Figure 3. Additive BCR-ABL inhibitory properties of 2 drugs can lead to clinical responses in cases harboring compound mutations resistant to both agents.

(A) wbc count (blue) and peripheral blood myeloblast percentage (red) in MBC-1, who developed resistance associated with the compound mutation M244V/T315A/L364I in BCR-ABL in 22 of 27 clones sequenced, then responded to a combination of dasatinib and imatinib. This patient initially relapsed on imatinib with 2 subclones, 1 with the mutant L364I and a second clone bearing the M244V/L364I compound mutant (both M244V and L364I are known imatinib-resistant mutants). (B) Dasatinib and imatinib cooperatively inhibit the growth of Ba/F3 cells harboring BCR-ABL/M244V/T315A/L364I in vitro. Combination therapy had no effect on parental IL-3–dependent Ba/F3 cells (data not shown). (C) CRKL Western immunoblot of Ba/F3–BCR-ABL/V299L exposed to clinically relevant concentrations of imatinib and dasatinib.

Figure 4. Sequential kinase inhibitor therapy can result in compound mutations that increase transformation potency and growth rate in vitro.

(A) Bone marrow transformation assays with select drug-resistant BCR-ABL kinase domain mutants are shown. After infection with mutant or wild-type p210 BCR-ABL retrovirus, primary mouse bone marrow cells were plated at the serial dilutions indicated then monitored for oncogenic transformation. The time to outgrowth in assays performed in triplicate at 5 separate dilutions is shown on the left, and the right panel shows the percentage growth rate of various BCR-ABL isoforms relative to wild-type BCR-ABL. (B) Schematic of cell growth competition experiment. (C) Representative sequencing results following cell growth competition assay reveal BCR-ABL/M244V/T315A/L364I to be capable of conferring a growth advantage over BCR-ABL/M244V/L364I and BCR-ABL/T315A.
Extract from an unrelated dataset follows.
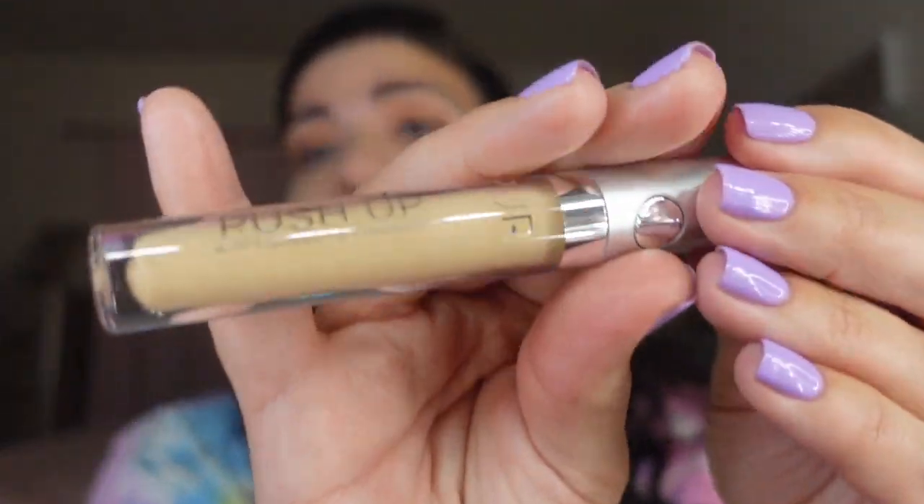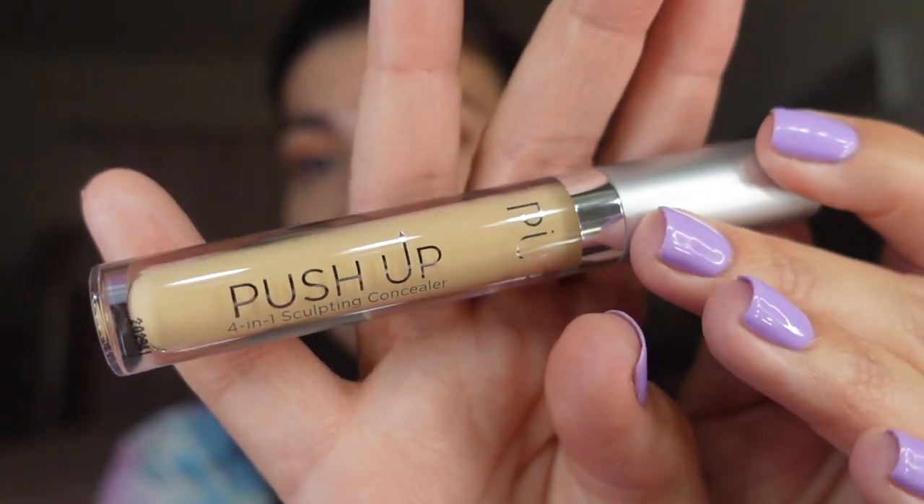My shade is MG2 — bisque, light golden medium skin with golden undertones. I'm not sure if that was the right tone; I feel like I should have gotten medium skin with neutral undertones, which is MN3. I hope it doesn't look too yellow on me, but it doesn't look like it will.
Figure 5. The most common dasatinib-resistant mutations are sensitive to the Aurora kinase inhibitor VX-680 in vitro.

(A) CrkL immunoblot of Ba/F3 cells transformed with dasatinib-resistant BCR-ABL isoforms depicted after exposure to varying concentrations of the kinase inhibitors indicated. (B) Primary CML cells harboring the dasatinib-resistant BCR-ABL/V299L mutation retain biochemical sensitivity to VX-680.